Below are the records; extract from them the line containing "If we get in" to the line containing "You can now", both lines included, exactly and with no pictures.

*Entries supplied:*

====

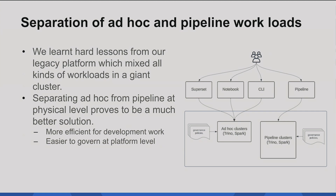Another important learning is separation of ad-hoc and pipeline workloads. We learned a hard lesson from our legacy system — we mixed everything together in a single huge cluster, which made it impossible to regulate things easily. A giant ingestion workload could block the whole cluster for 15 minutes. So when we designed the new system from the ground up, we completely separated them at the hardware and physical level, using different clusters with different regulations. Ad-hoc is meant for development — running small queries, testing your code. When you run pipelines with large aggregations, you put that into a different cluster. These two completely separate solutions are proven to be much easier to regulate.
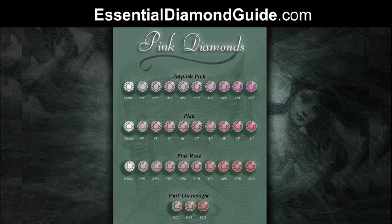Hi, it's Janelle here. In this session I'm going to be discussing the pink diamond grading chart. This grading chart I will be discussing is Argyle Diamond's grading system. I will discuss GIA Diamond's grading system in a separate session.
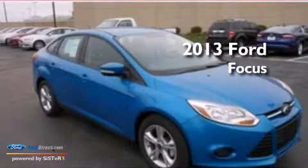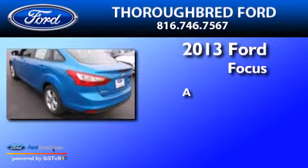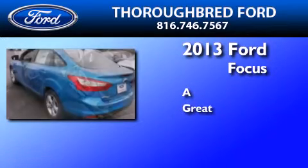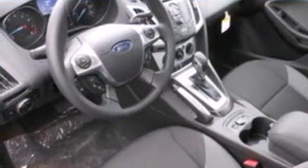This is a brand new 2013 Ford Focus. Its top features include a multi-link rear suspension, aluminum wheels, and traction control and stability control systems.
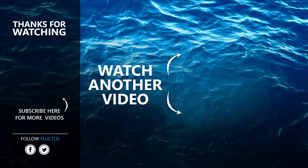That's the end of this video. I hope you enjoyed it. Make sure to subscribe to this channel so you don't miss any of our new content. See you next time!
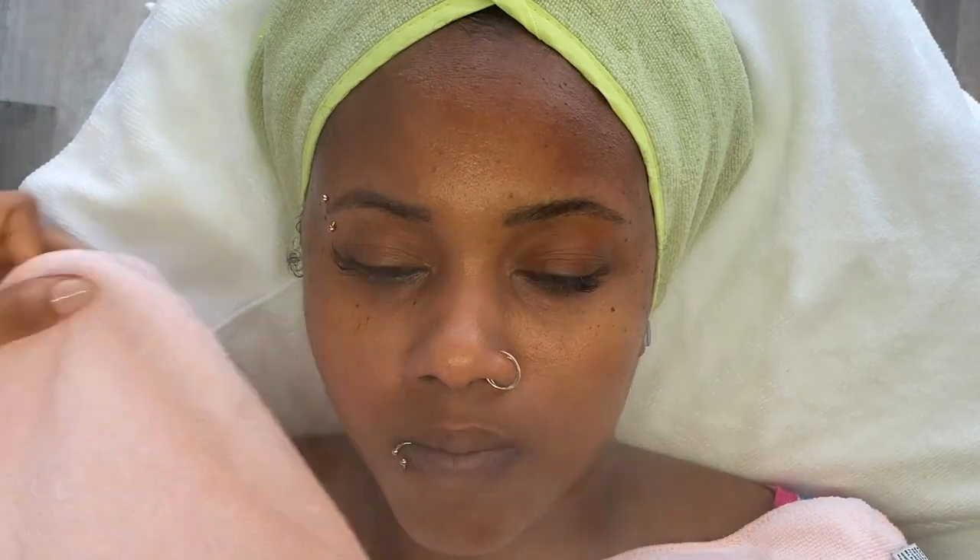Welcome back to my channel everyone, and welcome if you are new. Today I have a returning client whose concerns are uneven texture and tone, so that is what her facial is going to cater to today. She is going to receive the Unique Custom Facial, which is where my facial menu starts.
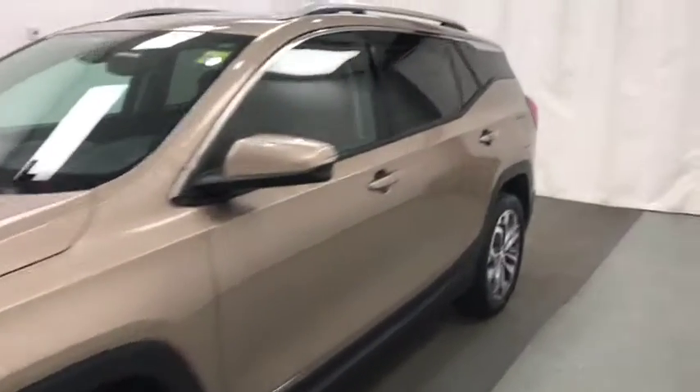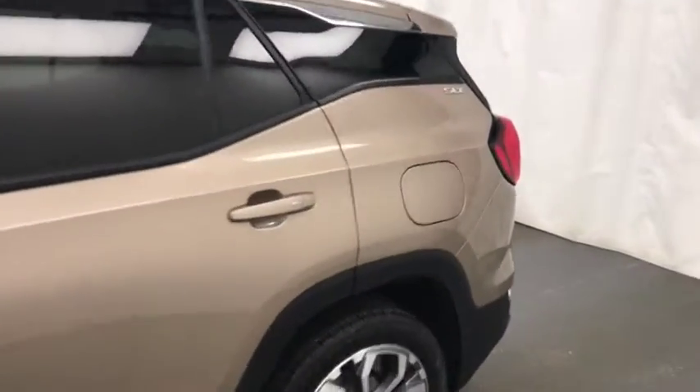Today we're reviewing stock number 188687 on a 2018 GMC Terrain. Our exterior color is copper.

====

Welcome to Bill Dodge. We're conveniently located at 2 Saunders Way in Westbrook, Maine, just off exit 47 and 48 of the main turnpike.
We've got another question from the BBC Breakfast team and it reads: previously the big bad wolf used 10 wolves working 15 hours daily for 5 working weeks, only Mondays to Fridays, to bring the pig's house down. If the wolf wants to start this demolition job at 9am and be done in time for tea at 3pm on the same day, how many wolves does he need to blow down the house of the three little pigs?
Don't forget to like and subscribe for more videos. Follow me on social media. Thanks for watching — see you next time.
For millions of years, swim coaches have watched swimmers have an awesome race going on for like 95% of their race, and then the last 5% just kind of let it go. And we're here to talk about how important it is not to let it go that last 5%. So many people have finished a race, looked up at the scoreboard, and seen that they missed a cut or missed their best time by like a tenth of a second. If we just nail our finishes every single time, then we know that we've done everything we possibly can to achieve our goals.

====

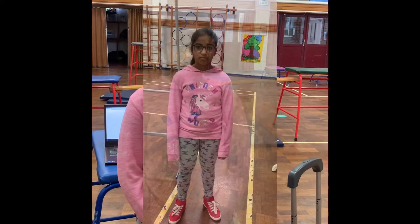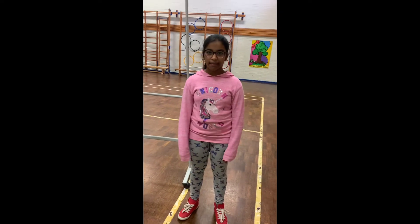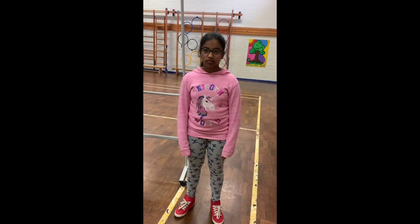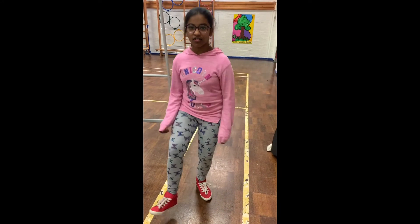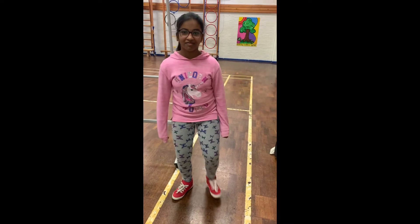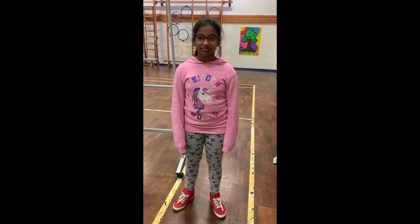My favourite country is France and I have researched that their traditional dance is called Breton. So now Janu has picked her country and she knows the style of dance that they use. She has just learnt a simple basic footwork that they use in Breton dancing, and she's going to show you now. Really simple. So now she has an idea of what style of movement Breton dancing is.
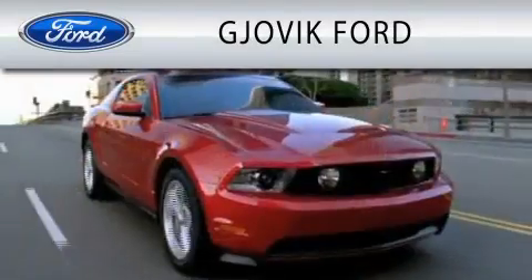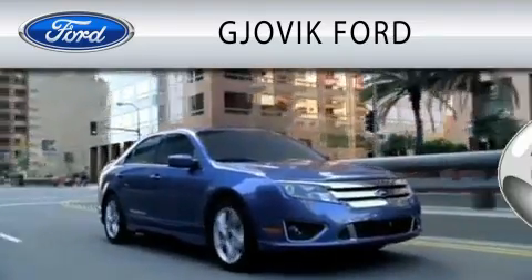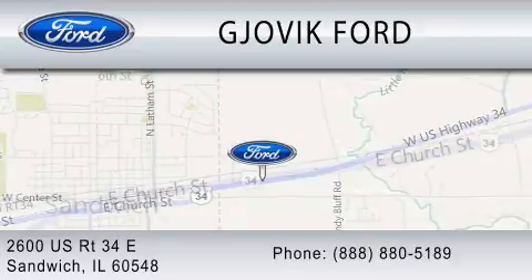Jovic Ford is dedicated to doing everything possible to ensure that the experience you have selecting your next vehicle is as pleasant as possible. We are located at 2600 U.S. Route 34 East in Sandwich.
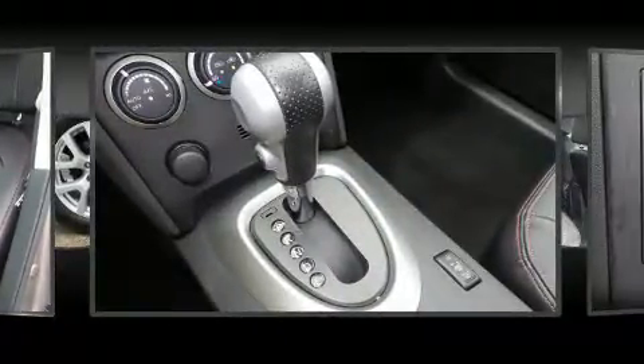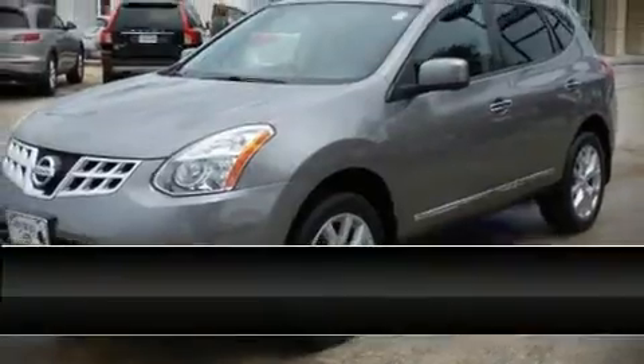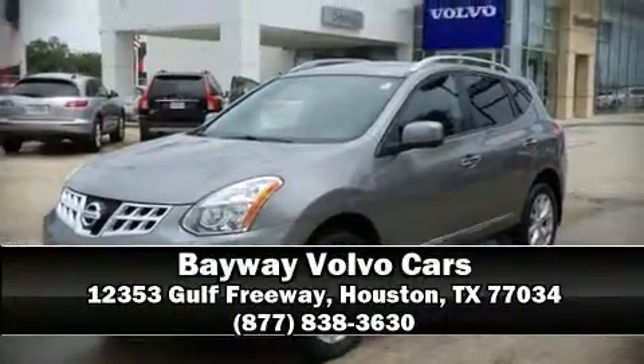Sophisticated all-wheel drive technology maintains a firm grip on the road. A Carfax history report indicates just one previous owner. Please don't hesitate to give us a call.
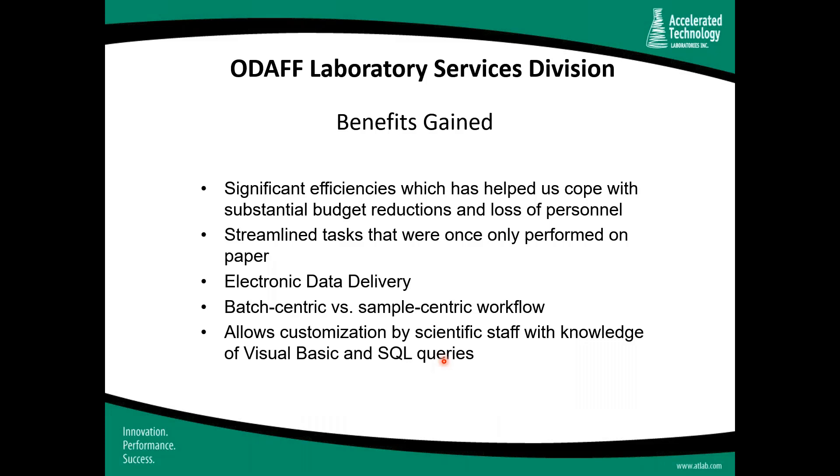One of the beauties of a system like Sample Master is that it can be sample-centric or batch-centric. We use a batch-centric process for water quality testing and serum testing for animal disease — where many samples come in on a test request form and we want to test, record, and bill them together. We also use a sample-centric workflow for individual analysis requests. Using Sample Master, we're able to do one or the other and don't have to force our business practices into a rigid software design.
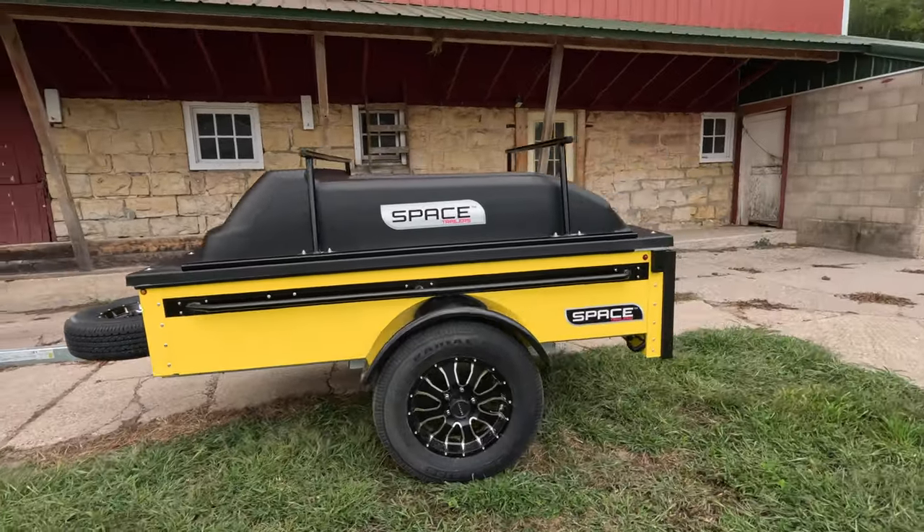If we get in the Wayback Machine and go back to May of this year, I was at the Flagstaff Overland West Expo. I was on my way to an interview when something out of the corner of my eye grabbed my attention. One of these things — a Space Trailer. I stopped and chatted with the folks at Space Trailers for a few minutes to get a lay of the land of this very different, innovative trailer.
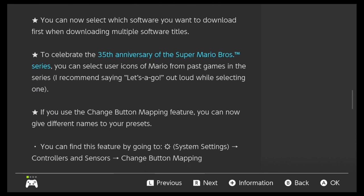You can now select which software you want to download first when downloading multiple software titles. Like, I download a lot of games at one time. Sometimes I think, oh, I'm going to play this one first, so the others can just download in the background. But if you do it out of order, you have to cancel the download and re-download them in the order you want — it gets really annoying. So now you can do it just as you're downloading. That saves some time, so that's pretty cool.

====

*Answer area:*
If we get in the Wayback Machine and go back to May of this year, I was at the Flagstaff Overland West Expo. I was on my way to an interview when something out of the corner of my eye grabbed my attention. One of these things — a Space Trailer. I stopped and chatted with the folks at Space Trailers for a few minutes to get a lay of the land of this very different, innovative trailer.
You can now select which software you want to download first when downloading multiple software titles. Like, I download a lot of games at one time. Sometimes I think, oh, I'm going to play this one first, so the others can just download in the background. But if you do it out of order, you have to cancel the download and re-download them in the order you want — it gets really annoying. So now you can do it just as you're downloading. That saves some time, so that's pretty cool.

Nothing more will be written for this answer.